_WORKING DATA_.
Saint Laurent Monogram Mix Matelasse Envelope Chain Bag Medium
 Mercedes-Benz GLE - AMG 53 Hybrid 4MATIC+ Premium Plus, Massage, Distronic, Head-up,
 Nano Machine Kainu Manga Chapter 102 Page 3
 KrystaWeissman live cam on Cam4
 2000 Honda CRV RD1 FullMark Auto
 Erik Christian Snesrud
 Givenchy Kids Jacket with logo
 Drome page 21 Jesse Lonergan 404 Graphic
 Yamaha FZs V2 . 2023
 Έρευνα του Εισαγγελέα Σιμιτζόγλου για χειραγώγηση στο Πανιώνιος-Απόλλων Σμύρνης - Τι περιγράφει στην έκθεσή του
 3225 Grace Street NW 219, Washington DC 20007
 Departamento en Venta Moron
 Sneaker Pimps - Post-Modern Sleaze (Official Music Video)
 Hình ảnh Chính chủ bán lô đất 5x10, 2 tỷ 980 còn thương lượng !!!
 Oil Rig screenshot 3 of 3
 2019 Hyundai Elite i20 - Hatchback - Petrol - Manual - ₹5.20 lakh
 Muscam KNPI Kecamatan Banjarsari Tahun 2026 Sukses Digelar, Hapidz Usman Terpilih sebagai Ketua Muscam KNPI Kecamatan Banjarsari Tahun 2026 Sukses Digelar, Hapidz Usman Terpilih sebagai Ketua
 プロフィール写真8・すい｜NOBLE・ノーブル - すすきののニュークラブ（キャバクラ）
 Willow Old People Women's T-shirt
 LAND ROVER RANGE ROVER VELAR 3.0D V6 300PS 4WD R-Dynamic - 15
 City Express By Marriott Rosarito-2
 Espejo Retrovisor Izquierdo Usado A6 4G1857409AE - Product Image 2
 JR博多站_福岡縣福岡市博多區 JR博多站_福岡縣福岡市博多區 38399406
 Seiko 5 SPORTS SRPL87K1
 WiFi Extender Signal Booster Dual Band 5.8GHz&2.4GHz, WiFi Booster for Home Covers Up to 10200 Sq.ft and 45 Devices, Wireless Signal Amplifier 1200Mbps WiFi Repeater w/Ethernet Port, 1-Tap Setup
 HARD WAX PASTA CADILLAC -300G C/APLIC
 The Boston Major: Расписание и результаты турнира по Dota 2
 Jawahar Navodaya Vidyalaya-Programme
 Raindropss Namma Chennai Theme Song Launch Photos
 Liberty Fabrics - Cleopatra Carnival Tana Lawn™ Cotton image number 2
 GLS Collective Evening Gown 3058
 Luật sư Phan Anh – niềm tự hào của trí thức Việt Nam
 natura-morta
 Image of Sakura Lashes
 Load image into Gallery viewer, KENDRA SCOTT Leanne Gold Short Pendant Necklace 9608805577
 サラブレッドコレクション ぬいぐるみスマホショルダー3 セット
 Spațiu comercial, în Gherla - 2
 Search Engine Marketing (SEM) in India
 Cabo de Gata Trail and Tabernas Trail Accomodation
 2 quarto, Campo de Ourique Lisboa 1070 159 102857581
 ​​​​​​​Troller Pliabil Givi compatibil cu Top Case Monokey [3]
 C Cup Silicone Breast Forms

_WHAT THE TASK REQUIRES_. Looking back over the data above, restate word for word the lines that begin at the line with "2019 Hyundai Elite" and end at the line with "HARD WAX PASTA CADILLAC -300G C/APLIC", inclusive.

_SOLUTION TO THIS PROBLEM_.
 2019 Hyundai Elite i20 - Hatchback - Petrol - Manual - ₹5.20 lakh
 Muscam KNPI Kecamatan Banjarsari Tahun 2026 Sukses Digelar, Hapidz Usman Terpilih sebagai Ketua Muscam KNPI Kecamatan Banjarsari Tahun 2026 Sukses Digelar, Hapidz Usman Terpilih sebagai Ketua
 プロフィール写真8・すい｜NOBLE・ノーブル - すすきののニュークラブ（キャバクラ）
 Willow Old People Women's T-shirt
 LAND ROVER RANGE ROVER VELAR 3.0D V6 300PS 4WD R-Dynamic - 15
 City Express By Marriott Rosarito-2
 Espejo Retrovisor Izquierdo Usado A6 4G1857409AE - Product Image 2
 JR博多站_福岡縣福岡市博多區 JR博多站_福岡縣福岡市博多區 38399406
 Seiko 5 SPORTS SRPL87K1
 WiFi Extender Signal Booster Dual Band 5.8GHz&2.4GHz, WiFi Booster for Home Covers Up to 10200 Sq.ft and 45 Devices, Wireless Signal Amplifier 1200Mbps WiFi Repeater w/Ethernet Port, 1-Tap Setup
 HARD WAX PASTA CADILLAC -300G C/APLIC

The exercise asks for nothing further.